L'Ad-Com avait été confronté par la FDA à une question oui ou non, en haut ou en bas. "Non" aurait refusé le vaccin à tous les enfants âgés de 5 à 11 ans, y compris les enfants à risque exceptionnel, tels que ceux qui sont immunodéprimés, obèses, souffrant de troubles pulmonaires ou dépendants de l'alimentation par sonde. D'où un « oui » quasi unanime.2

La FDA a prolongé l'EUA le lendemain. 

Si une déclaration devait reconnaître que le besoin de ce vaccin varie selon la population pédiatrique, elle devrait alors provenir des Centers for Disease Control and Prevention. Mais la semaine suivante, Rochelle Walensky, la directrice du CDC : "Nous étendons maintenant les recommandations de vaccins à plus de 28 millions d'enfants aux États-Unis."3 

Pas beaucoup de nuances là-dedans. Vingt-huit millions seraient… tout le monde, tous les enfants de 5 à 11 ans. 

Les mandats sont-ils les prochains ?

Peter Marks, qui dirige l'unité de la FDA chargée de superviser les examens des vaccins, avait donné à l'Ad-Com cette assurance : "Certains gouverneurs ont déjà annoncé qu'ils ne feraient pas de mandat tant qu'il n'y aurait pas d'approbation, par opposition à une autorisation d'utilisation d'urgence".  

Il y aurait de bonnes raisons pour que le Dr Marks contourne la politique des vaccins. Au milieu de la poussée pan-vaxxing frénétique de l'administration Biden, la FDA avait reçu 143,499 XNUMX commentaires d'un public profondément divisé sur ce vaccin si nouveau pour la science médicale.
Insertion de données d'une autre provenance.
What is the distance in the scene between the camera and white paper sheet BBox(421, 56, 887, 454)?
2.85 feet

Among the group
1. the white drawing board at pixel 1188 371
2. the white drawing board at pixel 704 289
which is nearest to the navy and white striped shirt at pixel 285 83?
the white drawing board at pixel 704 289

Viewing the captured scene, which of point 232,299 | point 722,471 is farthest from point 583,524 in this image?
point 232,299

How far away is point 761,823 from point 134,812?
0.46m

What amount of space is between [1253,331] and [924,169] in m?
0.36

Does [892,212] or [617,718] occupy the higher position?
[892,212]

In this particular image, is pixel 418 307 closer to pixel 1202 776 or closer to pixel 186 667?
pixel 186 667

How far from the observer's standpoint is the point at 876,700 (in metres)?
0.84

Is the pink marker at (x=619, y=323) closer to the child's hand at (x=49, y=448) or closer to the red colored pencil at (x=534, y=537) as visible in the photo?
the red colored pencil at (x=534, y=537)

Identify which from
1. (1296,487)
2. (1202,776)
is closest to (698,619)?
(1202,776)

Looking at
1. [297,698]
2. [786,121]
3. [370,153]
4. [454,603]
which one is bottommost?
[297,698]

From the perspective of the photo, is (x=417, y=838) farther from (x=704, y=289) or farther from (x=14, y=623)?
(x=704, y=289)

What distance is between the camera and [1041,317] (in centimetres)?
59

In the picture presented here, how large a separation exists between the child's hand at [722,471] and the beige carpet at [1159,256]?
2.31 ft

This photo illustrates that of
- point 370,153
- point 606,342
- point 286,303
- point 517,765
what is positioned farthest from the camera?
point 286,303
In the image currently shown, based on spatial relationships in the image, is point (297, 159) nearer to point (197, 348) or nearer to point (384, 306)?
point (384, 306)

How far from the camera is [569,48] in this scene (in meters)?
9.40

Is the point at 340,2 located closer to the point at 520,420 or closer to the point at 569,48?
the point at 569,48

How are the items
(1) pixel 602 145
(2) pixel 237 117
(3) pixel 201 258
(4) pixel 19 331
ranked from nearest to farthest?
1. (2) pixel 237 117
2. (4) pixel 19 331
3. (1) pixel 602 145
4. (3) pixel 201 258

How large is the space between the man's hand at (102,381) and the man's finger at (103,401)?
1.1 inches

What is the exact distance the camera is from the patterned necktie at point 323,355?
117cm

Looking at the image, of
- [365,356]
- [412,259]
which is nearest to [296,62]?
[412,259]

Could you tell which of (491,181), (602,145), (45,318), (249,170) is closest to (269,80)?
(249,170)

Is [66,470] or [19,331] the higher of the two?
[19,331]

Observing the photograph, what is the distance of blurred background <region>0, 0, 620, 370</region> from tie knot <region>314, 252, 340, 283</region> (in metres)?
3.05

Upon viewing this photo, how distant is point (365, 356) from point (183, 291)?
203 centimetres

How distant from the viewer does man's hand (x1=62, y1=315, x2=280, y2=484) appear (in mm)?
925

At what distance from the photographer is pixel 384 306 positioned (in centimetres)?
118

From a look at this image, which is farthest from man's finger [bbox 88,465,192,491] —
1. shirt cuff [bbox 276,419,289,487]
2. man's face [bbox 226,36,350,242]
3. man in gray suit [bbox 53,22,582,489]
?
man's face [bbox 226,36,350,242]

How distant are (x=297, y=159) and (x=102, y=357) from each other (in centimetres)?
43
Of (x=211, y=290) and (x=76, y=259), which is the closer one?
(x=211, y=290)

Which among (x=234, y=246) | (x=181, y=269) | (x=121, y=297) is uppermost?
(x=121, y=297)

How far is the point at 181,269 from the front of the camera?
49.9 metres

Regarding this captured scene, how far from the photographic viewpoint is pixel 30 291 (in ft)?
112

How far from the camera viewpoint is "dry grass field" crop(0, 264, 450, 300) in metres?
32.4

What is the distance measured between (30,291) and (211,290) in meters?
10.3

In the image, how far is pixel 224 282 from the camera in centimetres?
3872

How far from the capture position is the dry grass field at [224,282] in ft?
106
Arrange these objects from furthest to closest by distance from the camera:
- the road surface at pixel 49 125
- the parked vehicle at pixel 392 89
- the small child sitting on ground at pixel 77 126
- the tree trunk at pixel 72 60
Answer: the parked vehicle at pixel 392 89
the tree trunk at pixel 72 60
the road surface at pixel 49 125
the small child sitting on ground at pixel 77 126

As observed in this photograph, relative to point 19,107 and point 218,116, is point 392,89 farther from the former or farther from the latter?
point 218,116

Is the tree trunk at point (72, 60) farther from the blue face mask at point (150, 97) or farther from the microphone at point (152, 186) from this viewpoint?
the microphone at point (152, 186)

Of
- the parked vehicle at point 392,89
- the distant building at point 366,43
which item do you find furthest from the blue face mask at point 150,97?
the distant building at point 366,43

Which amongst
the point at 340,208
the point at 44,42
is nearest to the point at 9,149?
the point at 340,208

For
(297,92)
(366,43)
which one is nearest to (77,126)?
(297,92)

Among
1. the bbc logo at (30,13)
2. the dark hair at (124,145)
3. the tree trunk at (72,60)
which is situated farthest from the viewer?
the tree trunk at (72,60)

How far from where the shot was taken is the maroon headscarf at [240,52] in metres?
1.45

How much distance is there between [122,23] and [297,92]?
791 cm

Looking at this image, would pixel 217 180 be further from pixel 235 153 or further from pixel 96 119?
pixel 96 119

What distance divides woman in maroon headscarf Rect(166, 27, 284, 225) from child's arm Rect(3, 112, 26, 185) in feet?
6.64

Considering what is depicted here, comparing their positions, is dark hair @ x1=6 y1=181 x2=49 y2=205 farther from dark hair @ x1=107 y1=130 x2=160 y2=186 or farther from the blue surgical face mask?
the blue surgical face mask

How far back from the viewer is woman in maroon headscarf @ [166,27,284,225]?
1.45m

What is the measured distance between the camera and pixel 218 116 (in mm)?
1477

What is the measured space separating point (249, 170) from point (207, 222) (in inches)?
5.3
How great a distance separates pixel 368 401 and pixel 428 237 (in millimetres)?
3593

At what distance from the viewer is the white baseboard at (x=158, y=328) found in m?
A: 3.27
Pourtant, le problème n'est pas les mandats avant une approbation formelle du vaccin par la FDA. C'est ce que les gouverneurs feront après. Gavin Newsom en Californie a déjà annoncé que chaque écolier de l'État devra recevoir le coup.4 Kathy Hochul à New York dit qu'elle « gardera toutes les options sur la table à coup sûr ».5 

Est-il toujours acceptable de demander, quelle est l'urgence ? Quelle est l'urgence, au moins, pour les enfants en bonne santé ? L'incidence de la maladie grave de Covid chez les enfants n'a rien à voir avec celle des adultes. Le taux de mortalité chez les enfants en bonne santé est si faible qu'il est difficile à mesurer.
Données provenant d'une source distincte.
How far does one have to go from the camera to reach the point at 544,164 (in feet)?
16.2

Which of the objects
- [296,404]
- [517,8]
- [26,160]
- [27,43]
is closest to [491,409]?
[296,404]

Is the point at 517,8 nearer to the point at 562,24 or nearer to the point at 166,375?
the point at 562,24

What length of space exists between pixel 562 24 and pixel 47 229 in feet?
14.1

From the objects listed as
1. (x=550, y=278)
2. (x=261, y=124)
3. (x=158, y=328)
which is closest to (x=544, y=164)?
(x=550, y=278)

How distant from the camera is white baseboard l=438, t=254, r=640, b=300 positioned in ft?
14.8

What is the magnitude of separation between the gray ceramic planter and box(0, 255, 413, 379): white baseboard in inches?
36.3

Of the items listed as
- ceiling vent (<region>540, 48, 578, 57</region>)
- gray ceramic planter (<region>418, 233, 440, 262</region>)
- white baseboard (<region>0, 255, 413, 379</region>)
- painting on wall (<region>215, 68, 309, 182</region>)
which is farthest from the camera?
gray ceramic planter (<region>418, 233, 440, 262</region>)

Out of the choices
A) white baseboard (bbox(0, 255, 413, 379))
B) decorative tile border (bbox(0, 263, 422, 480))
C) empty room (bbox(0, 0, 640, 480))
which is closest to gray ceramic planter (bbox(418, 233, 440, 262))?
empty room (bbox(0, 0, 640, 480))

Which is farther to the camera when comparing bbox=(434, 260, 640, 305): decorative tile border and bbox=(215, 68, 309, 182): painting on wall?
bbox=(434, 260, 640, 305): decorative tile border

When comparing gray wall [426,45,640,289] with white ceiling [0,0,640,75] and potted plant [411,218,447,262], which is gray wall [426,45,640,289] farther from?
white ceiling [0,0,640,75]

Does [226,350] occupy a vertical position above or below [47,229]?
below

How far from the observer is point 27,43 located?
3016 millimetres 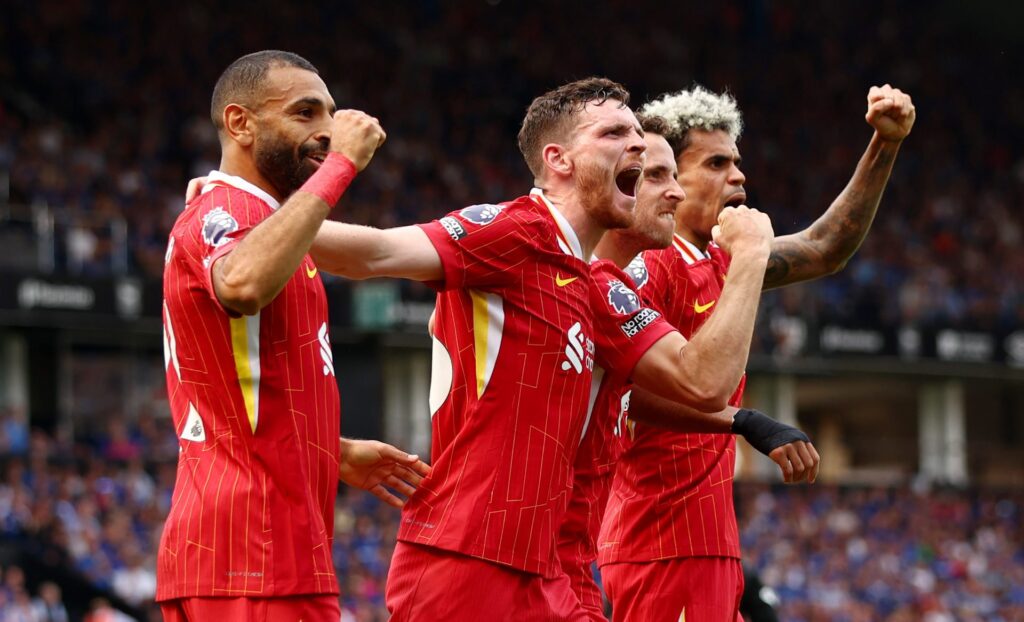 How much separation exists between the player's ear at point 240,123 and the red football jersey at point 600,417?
4.24ft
Considérez comment Pfizer a dû concevoir ce dernier essai si l'entreprise devait respecter le délai serré encouragé par la peur et les tremblements de Covid. L'essai a recruté 4,647 XNUMX enfants.7 Compte tenu d'une population de cette taille modeste, compte tenu du besoin de vitesse, il y avait peu de chances de démontrer une réduction des maladies graves, d'autant plus que la plupart des enfants étaient en bonne santé. Les chances auraient été différentes si l'essai s'était concentré sur les enfants à haut risque, mais ce n'est pas le cas. 
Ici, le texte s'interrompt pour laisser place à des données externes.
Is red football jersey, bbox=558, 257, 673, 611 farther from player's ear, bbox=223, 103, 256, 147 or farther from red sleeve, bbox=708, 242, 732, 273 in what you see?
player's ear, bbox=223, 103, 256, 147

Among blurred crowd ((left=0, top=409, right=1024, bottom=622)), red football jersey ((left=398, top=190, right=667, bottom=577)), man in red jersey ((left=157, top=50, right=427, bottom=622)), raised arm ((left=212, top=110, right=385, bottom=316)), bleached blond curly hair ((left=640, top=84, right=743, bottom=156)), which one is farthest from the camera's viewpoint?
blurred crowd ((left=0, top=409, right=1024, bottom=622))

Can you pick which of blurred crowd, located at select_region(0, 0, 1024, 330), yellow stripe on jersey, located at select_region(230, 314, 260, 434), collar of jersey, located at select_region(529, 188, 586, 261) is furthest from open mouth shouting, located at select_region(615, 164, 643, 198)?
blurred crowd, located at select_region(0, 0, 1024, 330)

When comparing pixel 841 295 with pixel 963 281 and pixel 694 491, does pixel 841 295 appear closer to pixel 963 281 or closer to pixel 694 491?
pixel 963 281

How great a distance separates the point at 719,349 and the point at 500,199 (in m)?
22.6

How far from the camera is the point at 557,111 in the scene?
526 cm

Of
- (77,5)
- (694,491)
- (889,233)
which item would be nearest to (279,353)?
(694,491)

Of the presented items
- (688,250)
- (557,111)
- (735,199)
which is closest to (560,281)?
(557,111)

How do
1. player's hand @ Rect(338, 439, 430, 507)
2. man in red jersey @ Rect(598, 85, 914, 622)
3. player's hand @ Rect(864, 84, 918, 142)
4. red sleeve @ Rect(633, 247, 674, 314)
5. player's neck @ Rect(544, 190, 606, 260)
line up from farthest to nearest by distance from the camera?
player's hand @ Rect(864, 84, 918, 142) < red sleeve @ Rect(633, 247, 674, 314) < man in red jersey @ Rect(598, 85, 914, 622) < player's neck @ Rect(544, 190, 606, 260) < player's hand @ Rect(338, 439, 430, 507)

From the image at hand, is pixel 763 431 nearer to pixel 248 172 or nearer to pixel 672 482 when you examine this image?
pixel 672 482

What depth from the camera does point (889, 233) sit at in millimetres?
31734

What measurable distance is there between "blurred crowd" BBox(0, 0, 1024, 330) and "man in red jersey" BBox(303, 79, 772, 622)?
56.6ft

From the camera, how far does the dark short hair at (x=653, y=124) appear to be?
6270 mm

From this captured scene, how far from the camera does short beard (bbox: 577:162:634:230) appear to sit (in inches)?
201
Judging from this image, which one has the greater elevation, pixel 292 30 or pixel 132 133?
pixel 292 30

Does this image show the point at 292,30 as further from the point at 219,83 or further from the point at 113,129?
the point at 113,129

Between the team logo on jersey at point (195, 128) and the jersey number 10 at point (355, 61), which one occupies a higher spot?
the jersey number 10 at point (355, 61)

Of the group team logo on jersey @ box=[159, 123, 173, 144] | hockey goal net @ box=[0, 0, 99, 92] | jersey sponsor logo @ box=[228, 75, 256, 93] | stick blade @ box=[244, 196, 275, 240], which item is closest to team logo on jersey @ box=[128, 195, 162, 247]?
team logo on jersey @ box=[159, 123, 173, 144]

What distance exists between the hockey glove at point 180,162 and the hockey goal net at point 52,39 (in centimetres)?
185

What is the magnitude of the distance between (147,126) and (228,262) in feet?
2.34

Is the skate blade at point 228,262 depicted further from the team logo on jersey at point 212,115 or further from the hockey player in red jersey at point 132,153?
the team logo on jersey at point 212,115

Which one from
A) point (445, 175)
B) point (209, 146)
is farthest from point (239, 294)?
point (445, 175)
Combien d'enfants, alors, dans le groupe vaccin ou placebo, sont morts de Covid ? Zéro. Combien sont tombés gravement malades ? Zéro. Dans une étude antérieure de Pfizer sur des enfants plus âgés, âgés de 12 à 15 ans, combien sont morts ou ont souffert d'une maladie grave ? Zéro et zéro.8 

D'où un focus sur les anticorps induits par le vaccin. C'était le critère d'évaluation principal (le principal test d'efficacité) pour le groupe 5-11. Comprenez que la FDA a déclaré dans sa note d'information à l'Ad-Com que "... aucun titre d'anticorps neutralisant spécifique", titre signifiant le niveau d'anticorps, "n'a été établi pour prédire la protection contre Covid-19..." Il y avait une voie à suivre, cependant : pontage immunologique. 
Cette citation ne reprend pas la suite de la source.